-- Requirement --
Print the material below exactly as it stands, please, from its first line to the line holding "Supa Ant Award", with no pictures.

-- Exercise data --
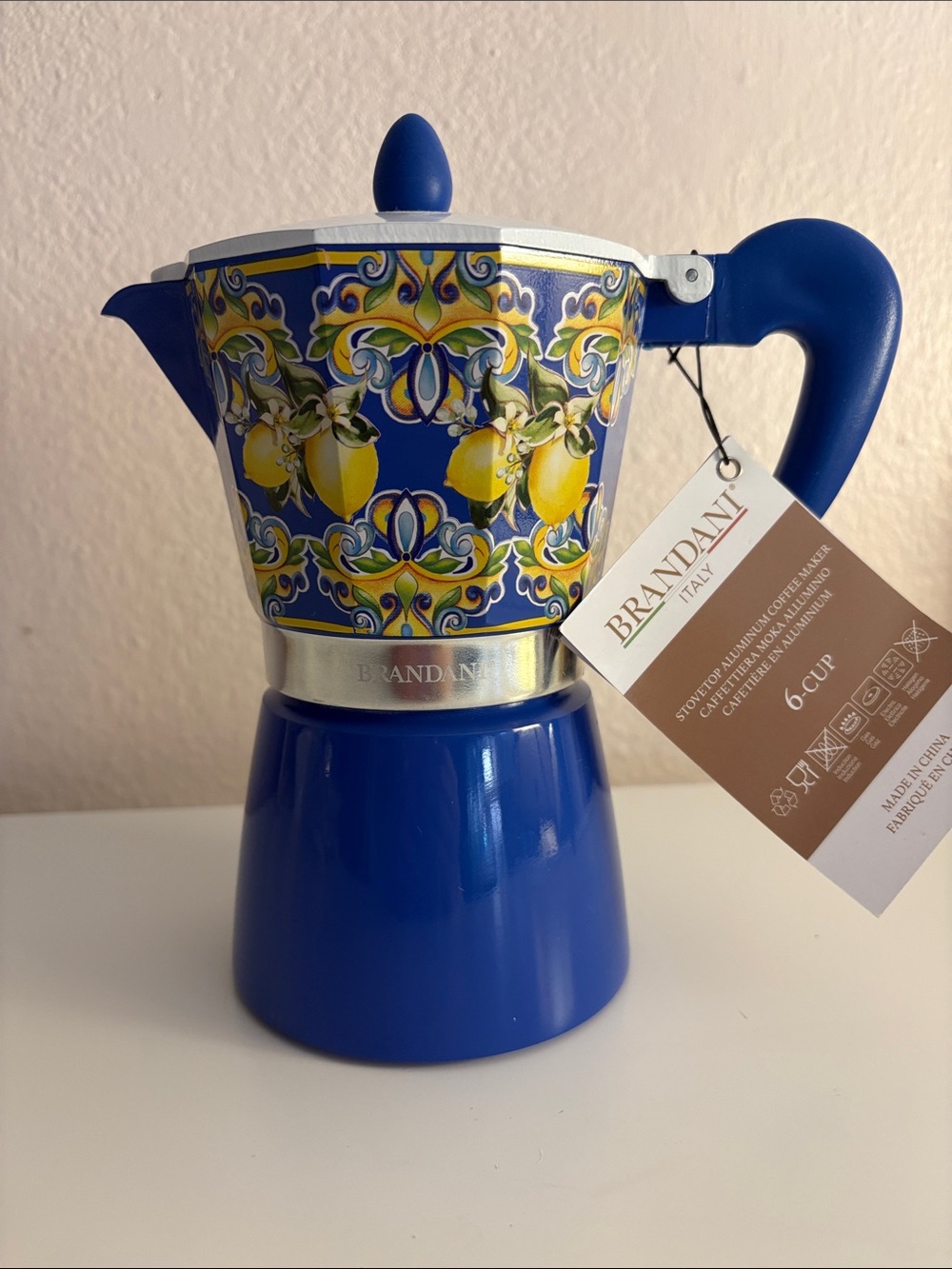 Brandani Blue Lemon Design Stovetop Coffee Maker - 6 Cup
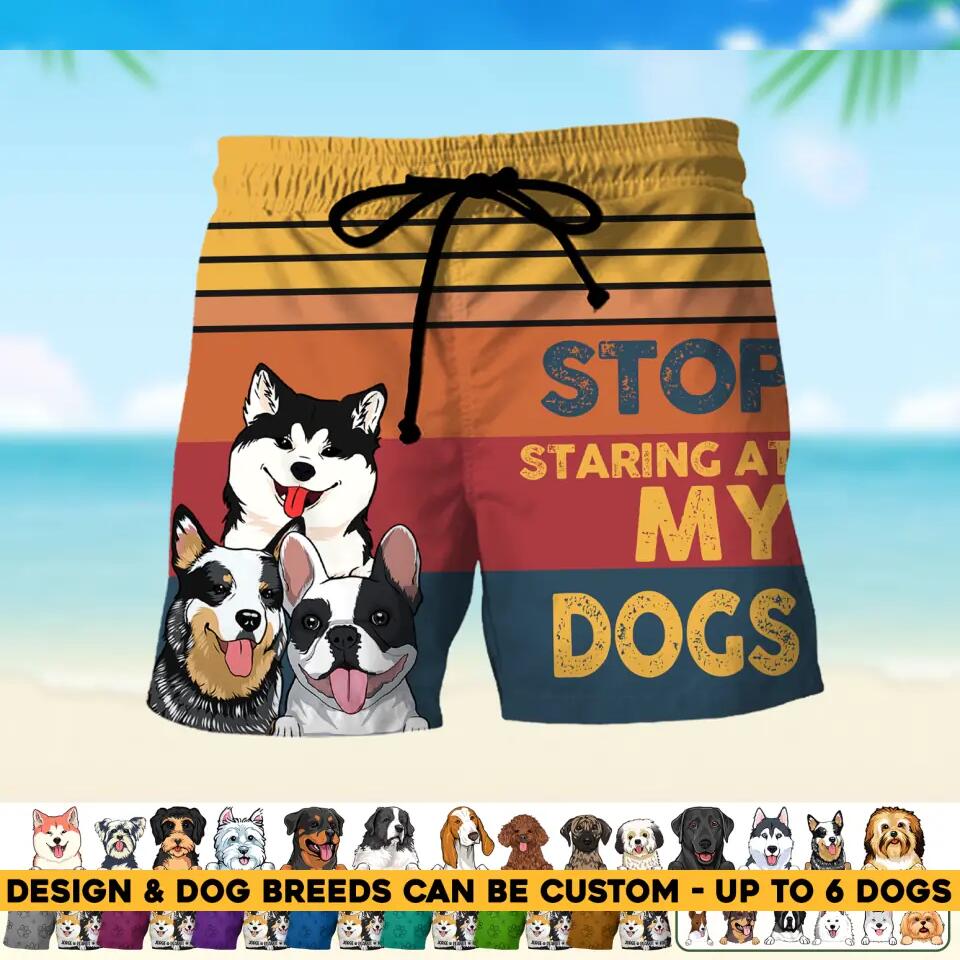 Personalized Stop Staring At My Dogs Dog Lovers Tropical Beach Short QTHQ0403
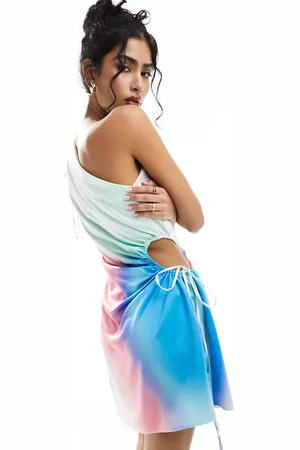 Style Cheat One shoulder mini dress with cut out in ombre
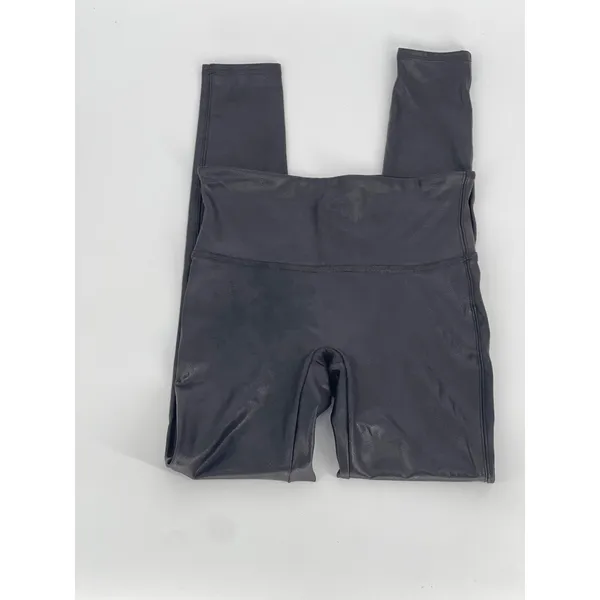 Spanx Faux Leather Leggings Black High‎ Waisted Shaper Pants Medium Excellent - Image 3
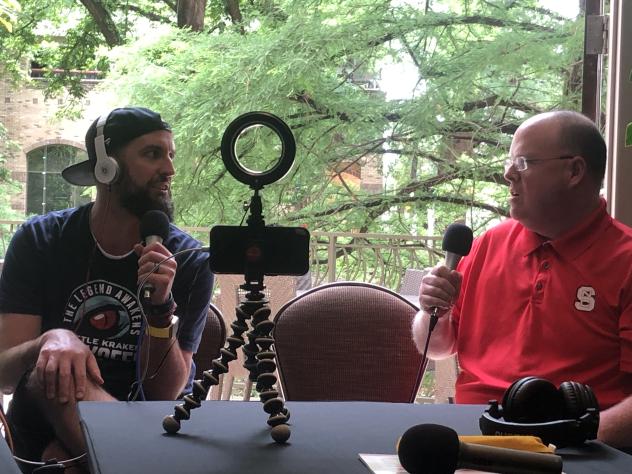 Reid Johnson from the Markcast (left) speaks with writer Fran Stuchbury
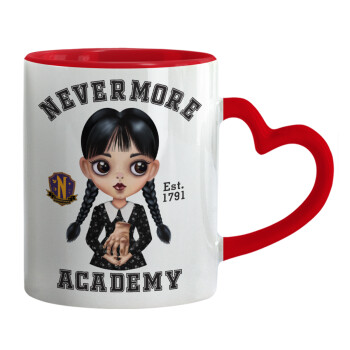 Wednesday Adams, nevermore, Κούπα καρδιά χερούλι κόκκινη, κεραμική, 330ml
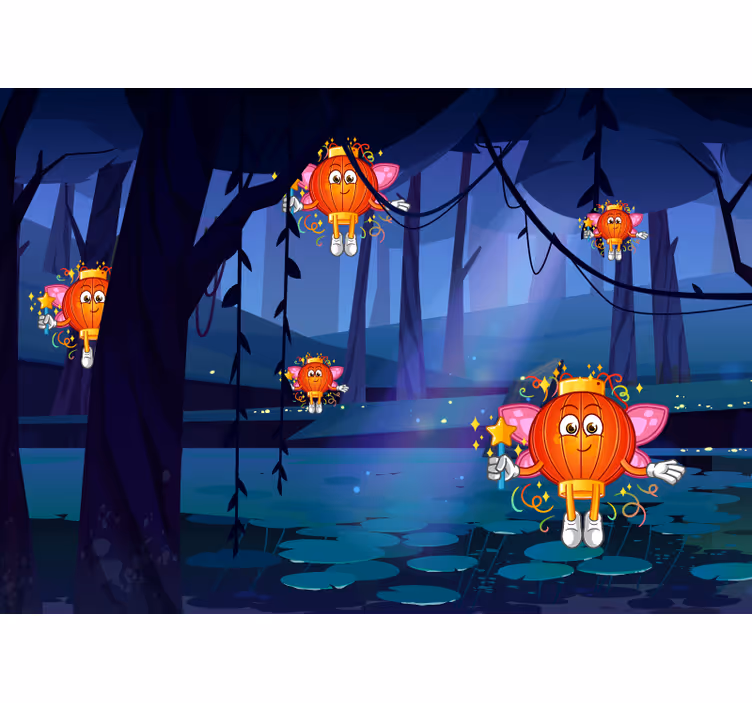 Murales infantiles Bosque de fantasía con linternas chinas - TenVinilo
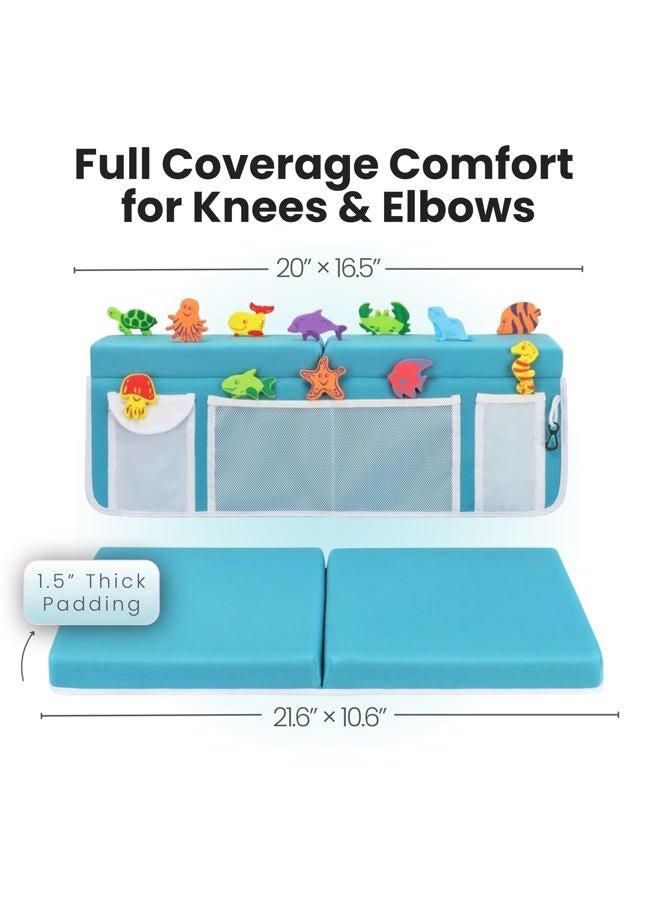 Supa Ant Award Winning Baby Bath Kneeler and Elbow Rest Pad Set with 12 Free Baby Bath Toys-Support for Elbow &Knee-Baby Bath Tub Kneeling Mat &Toy Organizer Pocket-Bath Kneeler Nonslip Bottom - Image 3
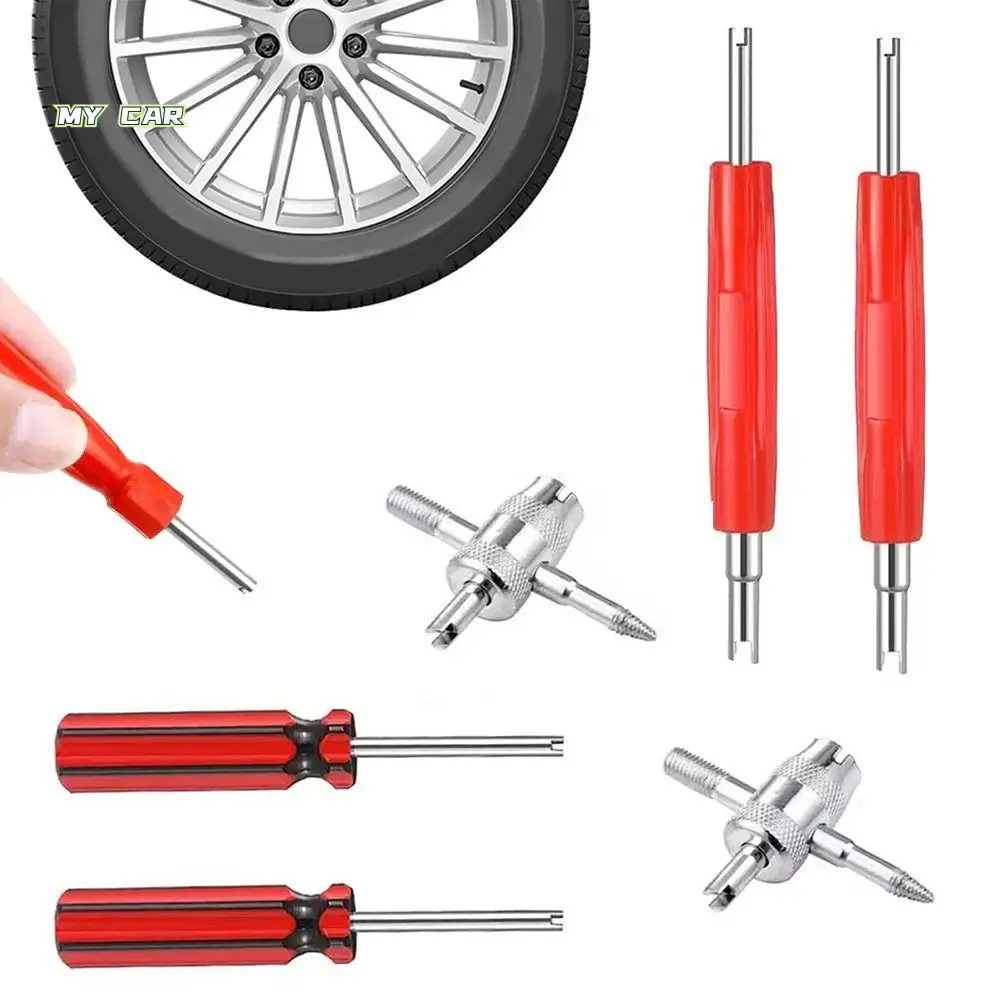 

6Pcs Multi Function Tire Valve Stem Installer Tool Set Rust-proof 4-in-1 Valve Core Remover Tool Tire Cleaning Tool
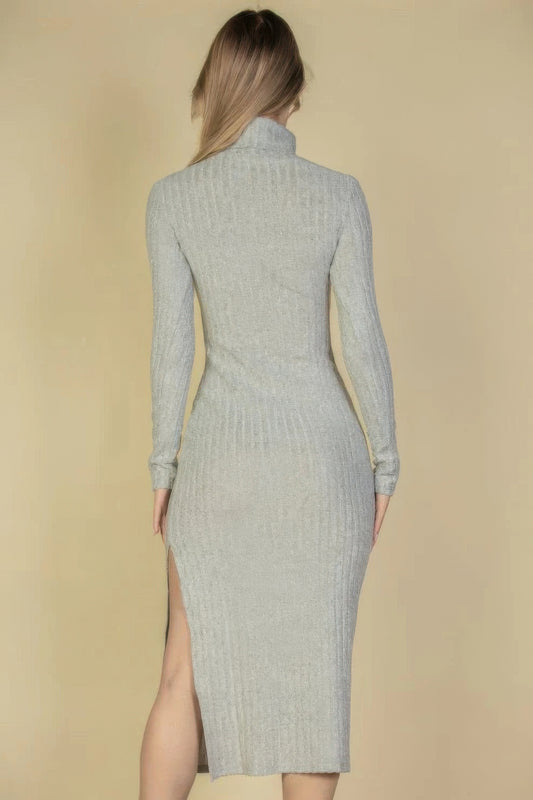 Blue Zone Planet | Sweater-knit Fuzzy Turtle Neck Split Thigh Dress-TOPS / DRESSES-[Adult]-[Female]-Light Grey-S-2022 Online Blue Zone Planet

-- Solution --
 Brandani Blue Lemon Design Stovetop Coffee Maker - 6 Cup
 Personalized Stop Staring At My Dogs Dog Lovers Tropical Beach Short QTHQ0403
 Style Cheat One shoulder mini dress with cut out in ombre
 Spanx Faux Leather Leggings Black High‎ Waisted Shaper Pants Medium Excellent - Image 3
 Reid Johnson from the Markcast (left) speaks with writer Fran Stuchbury
 Wednesday Adams, nevermore, Κούπα καρδιά χερούλι κόκκινη, κεραμική, 330ml
 Murales infantiles Bosque de fantasía con linternas chinas - TenVinilo
 Supa Ant Award Winning Baby Bath Kneeler and Elbow Rest Pad Set with 12 Free Baby Bath Toys-Support for Elbow &Knee-Baby Bath Tub Kneeling Mat &Toy Organizer Pocket-Bath Kneeler Nonslip Bottom - Image 3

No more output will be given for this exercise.